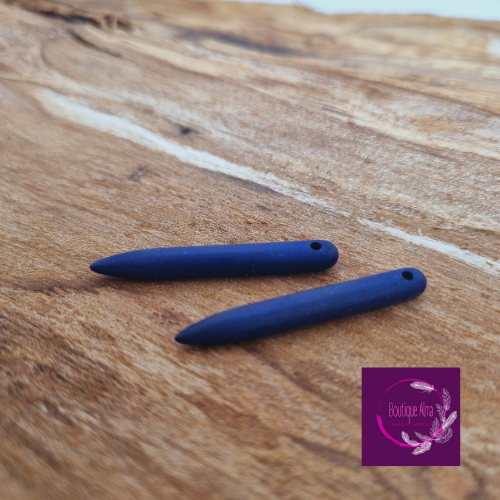 Aiguillettes pierre howlite bleu longueur 40mm x 2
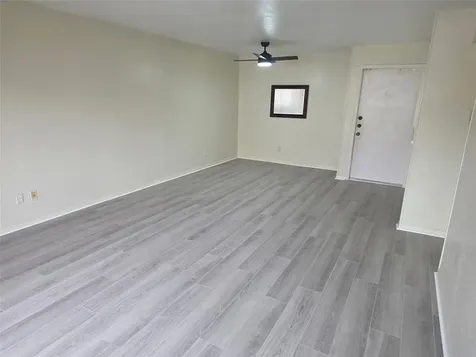 3025 Walnut Bend Lane 21 Houston TX 77042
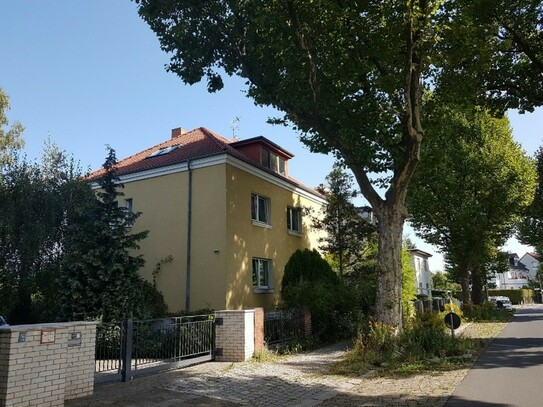 Schöne Stadtvilla in bester Lage von Berlin-Niederschönhausen mit unverbaubarem Blick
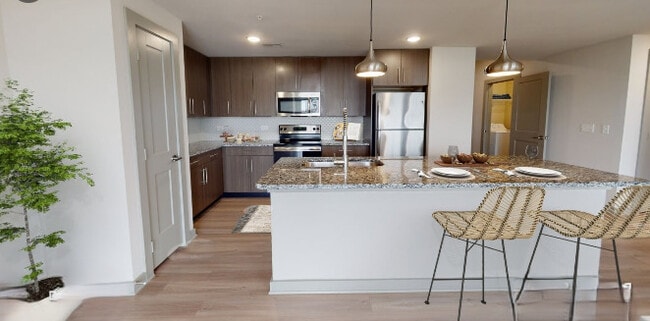 Building Photo - 680 E Algonquin Rd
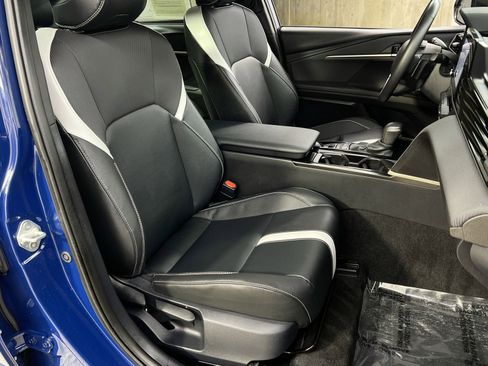 Used 2025 Toyota Camry SE image 31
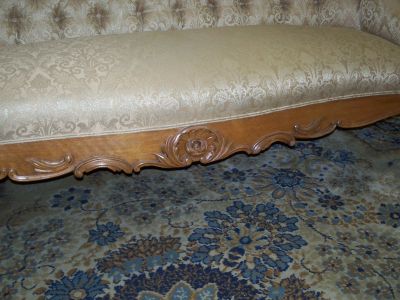 Carved roses 3 places love seat great condition 5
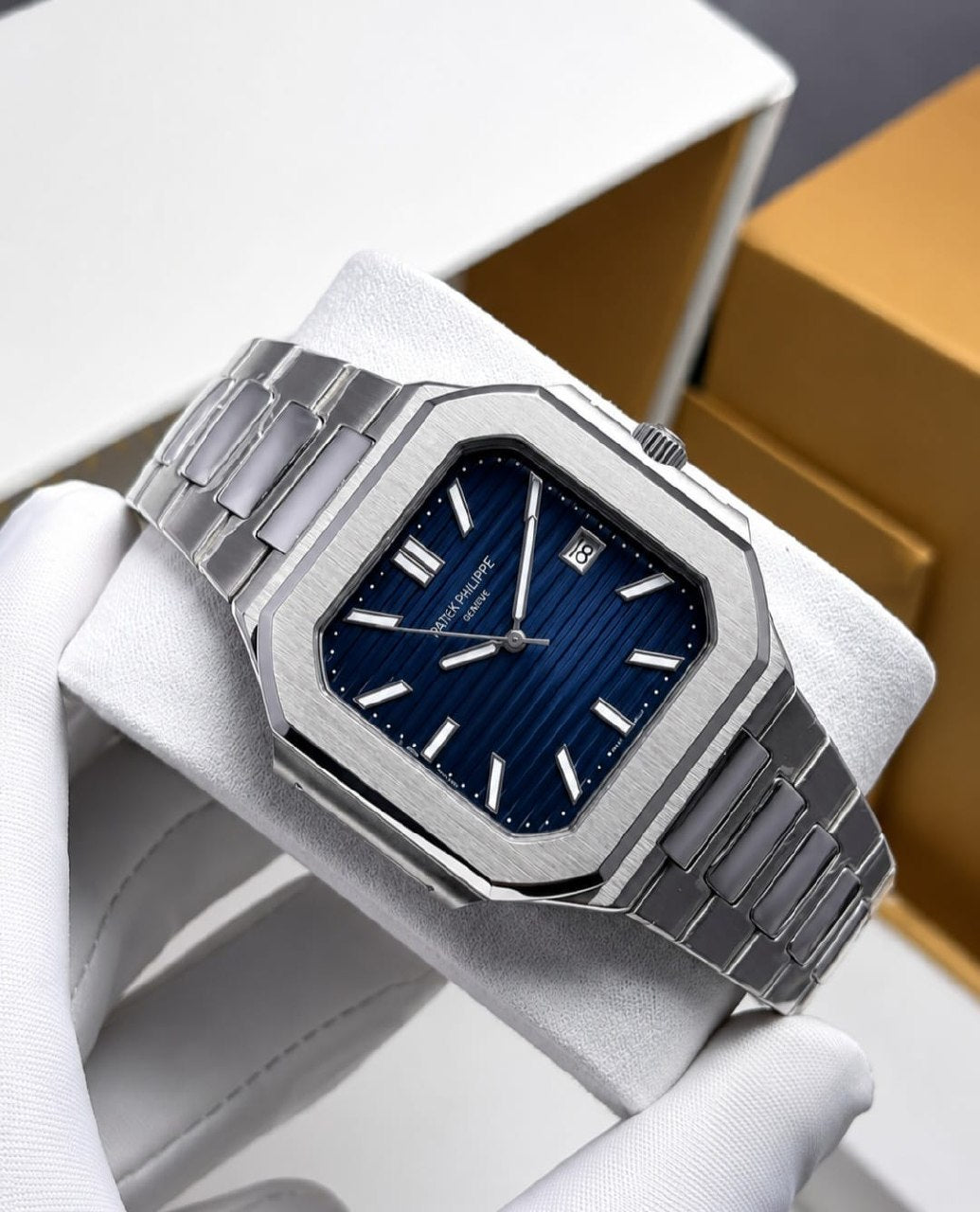 Patek Philippe Nautilus Watch -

※ ※ ※

Copy verbatim the span that begins at the line containing "Building Photo - 680 E Algonquin Rd" and ends at the last line of the material, inclusive of both; exclude pictures.

 Building Photo - 680 E Algonquin Rd
 Used 2025 Toyota Camry SE image 31
 Carved roses 3 places love seat great condition 5
 Patek Philippe Nautilus Watch -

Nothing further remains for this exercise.